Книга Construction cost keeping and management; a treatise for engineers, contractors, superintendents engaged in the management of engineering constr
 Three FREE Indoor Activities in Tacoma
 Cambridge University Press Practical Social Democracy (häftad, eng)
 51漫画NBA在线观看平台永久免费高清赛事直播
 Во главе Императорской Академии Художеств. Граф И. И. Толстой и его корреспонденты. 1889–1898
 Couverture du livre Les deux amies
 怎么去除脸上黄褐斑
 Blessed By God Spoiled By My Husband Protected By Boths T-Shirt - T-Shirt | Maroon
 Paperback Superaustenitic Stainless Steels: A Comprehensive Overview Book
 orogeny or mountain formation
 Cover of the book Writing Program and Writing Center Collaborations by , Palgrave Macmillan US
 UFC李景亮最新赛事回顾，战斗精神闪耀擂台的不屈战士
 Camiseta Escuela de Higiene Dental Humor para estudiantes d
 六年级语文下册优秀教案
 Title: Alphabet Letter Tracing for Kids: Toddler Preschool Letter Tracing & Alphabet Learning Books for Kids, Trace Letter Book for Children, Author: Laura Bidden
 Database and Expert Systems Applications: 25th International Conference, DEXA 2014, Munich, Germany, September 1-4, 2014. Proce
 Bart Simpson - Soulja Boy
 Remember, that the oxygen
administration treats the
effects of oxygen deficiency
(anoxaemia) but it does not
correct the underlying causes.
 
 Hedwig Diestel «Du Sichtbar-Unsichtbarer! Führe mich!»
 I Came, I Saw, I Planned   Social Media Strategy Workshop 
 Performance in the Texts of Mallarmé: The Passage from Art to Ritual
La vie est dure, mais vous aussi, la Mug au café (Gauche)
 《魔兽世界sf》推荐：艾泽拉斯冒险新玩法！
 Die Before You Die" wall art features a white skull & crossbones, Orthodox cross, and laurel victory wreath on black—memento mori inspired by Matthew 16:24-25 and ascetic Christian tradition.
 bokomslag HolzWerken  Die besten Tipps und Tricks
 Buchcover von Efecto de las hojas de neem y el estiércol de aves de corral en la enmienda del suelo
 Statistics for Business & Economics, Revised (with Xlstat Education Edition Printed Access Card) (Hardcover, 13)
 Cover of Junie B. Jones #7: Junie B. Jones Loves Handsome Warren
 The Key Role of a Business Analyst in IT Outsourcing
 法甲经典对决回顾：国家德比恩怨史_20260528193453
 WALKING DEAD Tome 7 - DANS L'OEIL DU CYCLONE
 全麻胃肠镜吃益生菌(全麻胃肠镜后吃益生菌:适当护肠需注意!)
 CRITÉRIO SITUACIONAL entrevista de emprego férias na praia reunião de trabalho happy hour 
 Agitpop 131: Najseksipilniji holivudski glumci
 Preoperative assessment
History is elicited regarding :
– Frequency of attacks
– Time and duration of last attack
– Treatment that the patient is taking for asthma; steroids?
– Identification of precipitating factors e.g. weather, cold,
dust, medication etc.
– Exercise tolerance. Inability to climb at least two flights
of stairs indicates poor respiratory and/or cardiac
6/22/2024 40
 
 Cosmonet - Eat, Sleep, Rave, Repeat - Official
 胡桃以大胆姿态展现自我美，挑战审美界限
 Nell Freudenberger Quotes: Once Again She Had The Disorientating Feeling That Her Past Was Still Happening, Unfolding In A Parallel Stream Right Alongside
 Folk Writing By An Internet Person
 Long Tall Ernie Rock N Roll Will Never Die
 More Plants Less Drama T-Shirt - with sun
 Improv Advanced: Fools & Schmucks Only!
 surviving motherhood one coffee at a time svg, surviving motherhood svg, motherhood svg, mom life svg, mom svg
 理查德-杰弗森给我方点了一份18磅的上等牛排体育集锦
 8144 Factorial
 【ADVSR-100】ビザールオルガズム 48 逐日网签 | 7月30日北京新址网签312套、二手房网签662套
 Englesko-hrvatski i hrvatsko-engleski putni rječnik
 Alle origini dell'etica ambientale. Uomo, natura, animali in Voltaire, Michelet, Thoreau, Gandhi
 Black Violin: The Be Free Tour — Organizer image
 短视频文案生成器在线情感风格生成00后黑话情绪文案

What you should do - Every line of the listing, first to last, should be retyped exactly.

Exercise response -
Книга Construction cost keeping and management; a treatise for engineers, contractors, superintendents engaged in the management of engineering constr
 Three FREE Indoor Activities in Tacoma
 Cambridge University Press Practical Social Democracy (häftad, eng)
 51漫画NBA在线观看平台永久免费高清赛事直播
 Во главе Императорской Академии Художеств. Граф И. И. Толстой и его корреспонденты. 1889–1898
 Couverture du livre Les deux amies
 怎么去除脸上黄褐斑
 Blessed By God Spoiled By My Husband Protected By Boths T-Shirt - T-Shirt | Maroon
 Paperback Superaustenitic Stainless Steels: A Comprehensive Overview Book
 orogeny or mountain formation
 Cover of the book Writing Program and Writing Center Collaborations by , Palgrave Macmillan US
 UFC李景亮最新赛事回顾，战斗精神闪耀擂台的不屈战士
 Camiseta Escuela de Higiene Dental Humor para estudiantes d
 六年级语文下册优秀教案
 Title: Alphabet Letter Tracing for Kids: Toddler Preschool Letter Tracing & Alphabet Learning Books for Kids, Trace Letter Book for Children, Author: Laura Bidden
 Database and Expert Systems Applications: 25th International Conference, DEXA 2014, Munich, Germany, September 1-4, 2014. Proce
 Bart Simpson - Soulja Boy
 Remember, that the oxygen
administration treats the
effects of oxygen deficiency
(anoxaemia) but it does not
correct the underlying causes.
 
 Hedwig Diestel «Du Sichtbar-Unsichtbarer! Führe mich!»
 I Came, I Saw, I Planned   Social Media Strategy Workshop 
 Performance in the Texts of Mallarmé: The Passage from Art to Ritual
La vie est dure, mais vous aussi, la Mug au café (Gauche)
 《魔兽世界sf》推荐：艾泽拉斯冒险新玩法！
 Die Before You Die" wall art features a white skull & crossbones, Orthodox cross, and laurel victory wreath on black—memento mori inspired by Matthew 16:24-25 and ascetic Christian tradition.
 bokomslag HolzWerken  Die besten Tipps und Tricks
 Buchcover von Efecto de las hojas de neem y el estiércol de aves de corral en la enmienda del suelo
 Statistics for Business & Economics, Revised (with Xlstat Education Edition Printed Access Card) (Hardcover, 13)
 Cover of Junie B. Jones #7: Junie B. Jones Loves Handsome Warren
 The Key Role of a Business Analyst in IT Outsourcing
 法甲经典对决回顾：国家德比恩怨史_20260528193453
 WALKING DEAD Tome 7 - DANS L'OEIL DU CYCLONE
 全麻胃肠镜吃益生菌(全麻胃肠镜后吃益生菌:适当护肠需注意!)
 CRITÉRIO SITUACIONAL entrevista de emprego férias na praia reunião de trabalho happy hour 
 Agitpop 131: Najseksipilniji holivudski glumci
 Preoperative assessment
History is elicited regarding :
– Frequency of attacks
– Time and duration of last attack
– Treatment that the patient is taking for asthma; steroids?
– Identification of precipitating factors e.g. weather, cold,
dust, medication etc.
– Exercise tolerance. Inability to climb at least two flights
of stairs indicates poor respiratory and/or cardiac
6/22/2024 40
 
 Cosmonet - Eat, Sleep, Rave, Repeat - Official
 胡桃以大胆姿态展现自我美，挑战审美界限
 Nell Freudenberger Quotes: Once Again She Had The Disorientating Feeling That Her Past Was Still Happening, Unfolding In A Parallel Stream Right Alongside
 Folk Writing By An Internet Person
 Long Tall Ernie Rock N Roll Will Never Die
 More Plants Less Drama T-Shirt - with sun
 Improv Advanced: Fools & Schmucks Only!
 surviving motherhood one coffee at a time svg, surviving motherhood svg, motherhood svg, mom life svg, mom svg
 理查德-杰弗森给我方点了一份18磅的上等牛排体育集锦
 8144 Factorial
 【ADVSR-100】ビザールオルガズム 48 逐日网签 | 7月30日北京新址网签312套、二手房网签662套
 Englesko-hrvatski i hrvatsko-engleski putni rječnik
 Alle origini dell'etica ambientale. Uomo, natura, animali in Voltaire, Michelet, Thoreau, Gandhi
 Black Violin: The Be Free Tour — Organizer image
 短视频文案生成器在线情感风格生成00后黑话情绪文案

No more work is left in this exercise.